Aussi longue que soit la nuit, le jour finit par se lever. Dans ce Burkina où l’on cultive à l’excès le culte du secret, toute entreprise de restauration de la vérité historique est forcément mal vue. Le chef de la révolution burkinabè a disparu brutalement voilà 24 ans. Tout a été dit ou presque sur cette séquence de notre histoire. Mais les circonstances de cette disparition avaient contribué à faire la part belle à la rumeur. Il y avait quelques temps que de l’extérieur, on savait la révolution plombée. Difficile cependant d’en saisir les contours précis. Le discours inédit de Sankara (qu’il devrait prononcé à la réunion de 20h le 15 octobre) renseigne un peu plus sur le climat délétère entre camarades.
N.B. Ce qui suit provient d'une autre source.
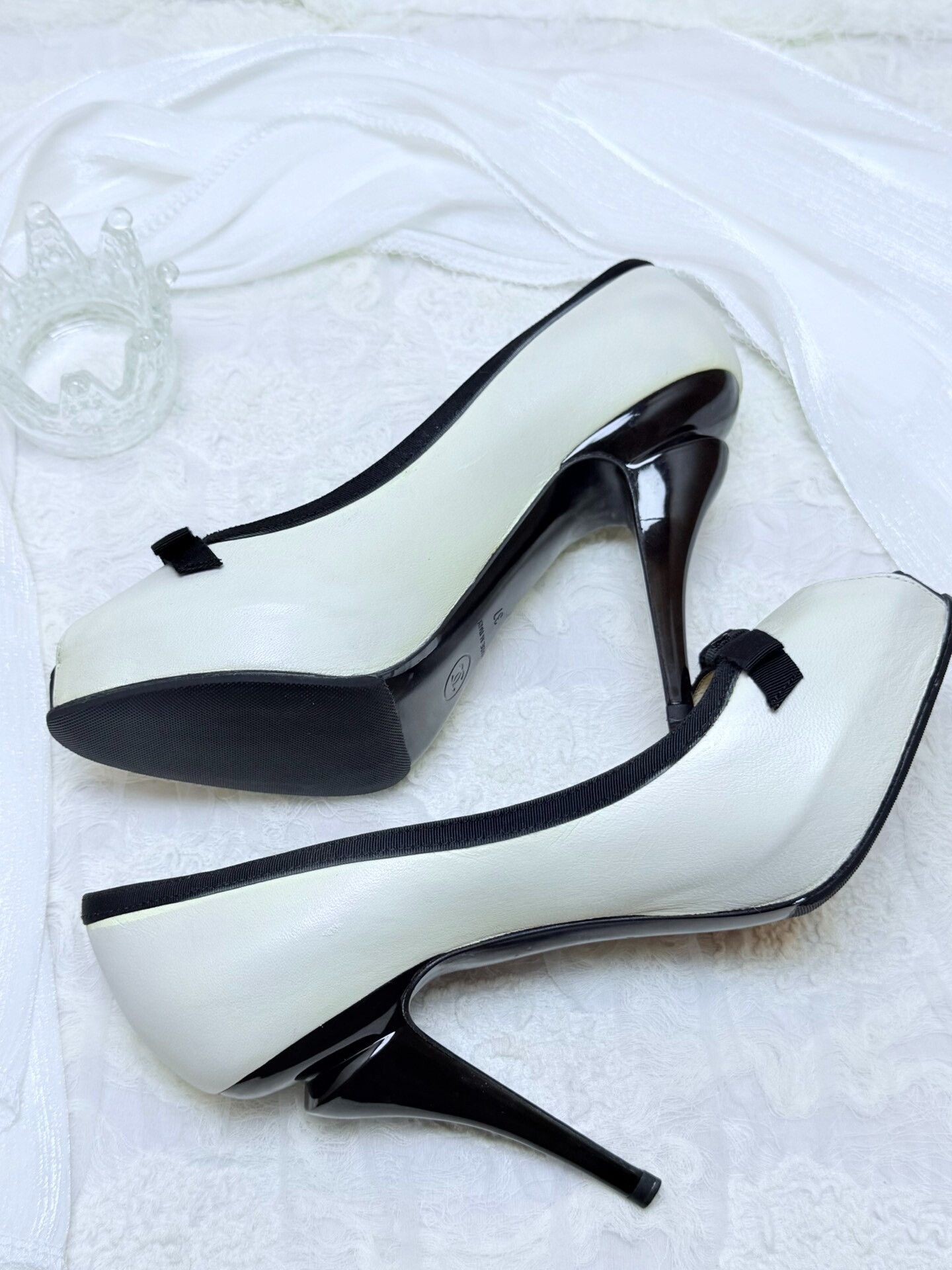 Chanel Chanel Retro Lowtop Sneakers us_7 Women Size US 7 / IT 37 - 4 Thumbnail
«Jamais un point d’antagonisme ne nous a opposé. Qu’il y ait eu
divergence sur des points donnés, cela est courant… Même la liberté, la
confiance des débats entre nous qui exclue toute inutile retenue et faux tabous n’ont pas relevé un quelconque antagonisme qui justifierait ou expliquerait une si subite et hypothétique mais persistante rumeur d’opposition
.» C’est ce qu’écrit le président Thomas Sankara dans cette lettre destinée aux principaux chefs de la révolution.

Il faut donc croire qu’il s’agit d’une crise où les objectifs réels restent masqués. Mais Sankara qui n’est pas dupe choisit la seule stratégie qui vaille : entreprendre l’autopsie de la révolution pour en déceler les fondements objectifs des difficultés afin d’en proposer les remèdes. Il en conclut que la révolution est piégée par des voyous qu’il prend soin de caractériser. Ils ont «la surenchère verbale de gauche» et «la tranquille assurance que le CNR les prémunit contre toute attaque et que le parlementarisme de ce même CNR leur a ouvert des droits de minorité de blocages.» La révolution est à la croisée des chemins. Les fractions politiques au sein du CNR s’agitent.

Mais plutôt que de marquer leurs différents territoires à travers des débats idéologiques bien circonscrits, ils vont exceller dans les stratégies de la rumeur. Mais Sankara qui continuait de penser que quelque chose pouvait être fait formule des propositions à ses camarades. Et parmi elles, une retient particulièrement l’attention :
«Eliminons de nos rangs les fauteurs de troubles. Toutes les luttes sociales ont connu des aventuriers frauduleusement introduits.» On connait déjà leur portrait robot esquissé par Sankara lui-même. Si le discours était inédit, les intentions du chef de la révolution l’étaient moins.

A-t-on voulu le prendre de court ? C’est probable. Sankara était manifestement en avance sur le temps de la révolution. Il n’admettait cependant pas de pause face à des troupes désemparées et sans doute aussi démobilisées. Le héros devenu solitaire était désormais une proie facile face à ses adversaires.